REQUIREMENT
With the material below, print exactly the lines between the line holding "23SS YEEZY 500 BONE WHITE (ID5114)" and the line holding "Apartament cu 2", inclusive. Add nothing else.

THE RECORDS
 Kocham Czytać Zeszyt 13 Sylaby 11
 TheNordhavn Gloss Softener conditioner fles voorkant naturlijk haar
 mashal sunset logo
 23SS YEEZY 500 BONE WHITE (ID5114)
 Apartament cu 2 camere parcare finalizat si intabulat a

---

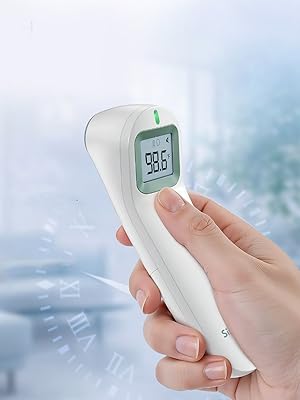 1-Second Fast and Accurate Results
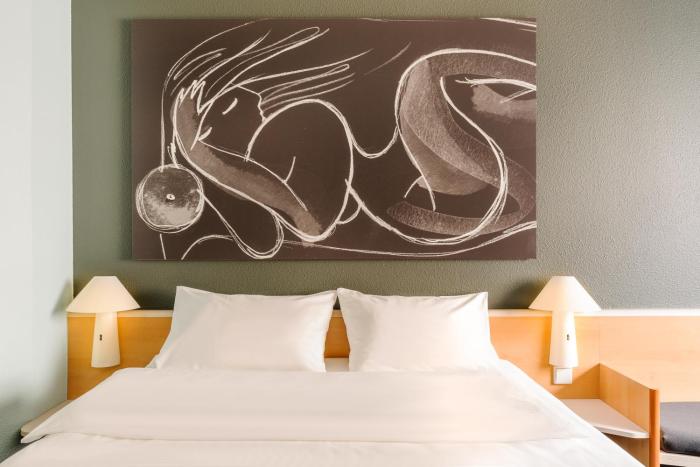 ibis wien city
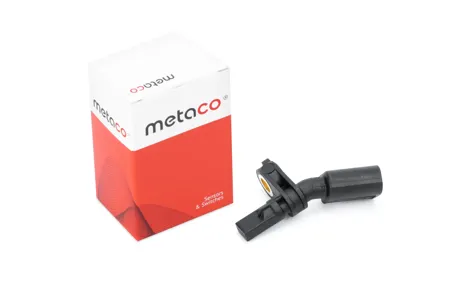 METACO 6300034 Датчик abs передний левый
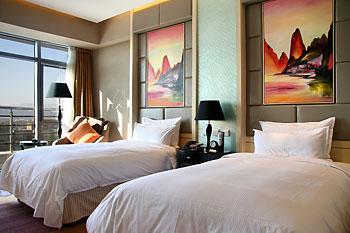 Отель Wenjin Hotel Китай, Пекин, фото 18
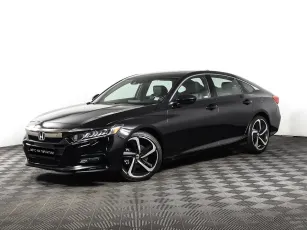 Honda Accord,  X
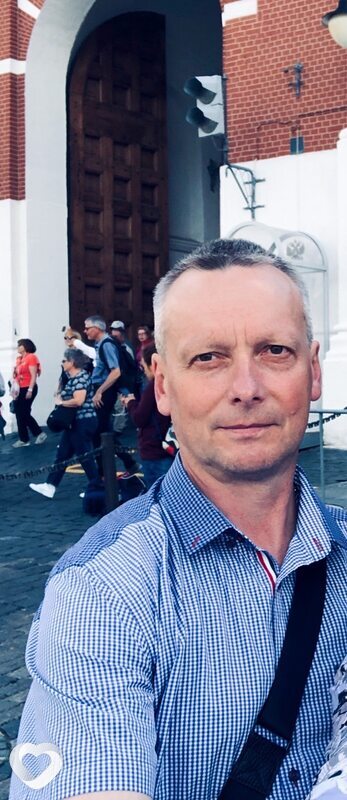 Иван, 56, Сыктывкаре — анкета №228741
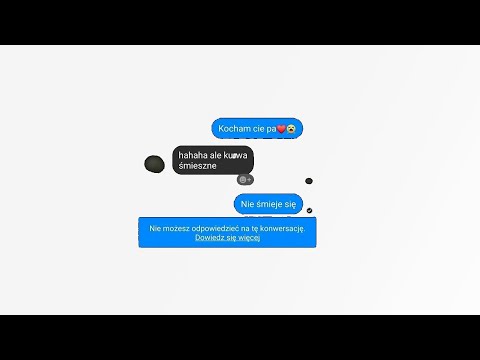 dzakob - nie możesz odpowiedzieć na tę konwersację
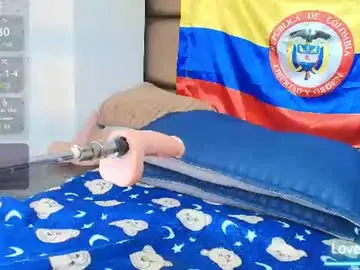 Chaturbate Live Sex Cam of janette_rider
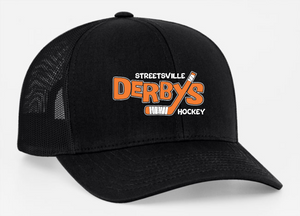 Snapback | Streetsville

YOUR RESPONSE
 23SS YEEZY 500 BONE WHITE (ID5114)
 Apartament cu 2 camere parcare finalizat si intabulat a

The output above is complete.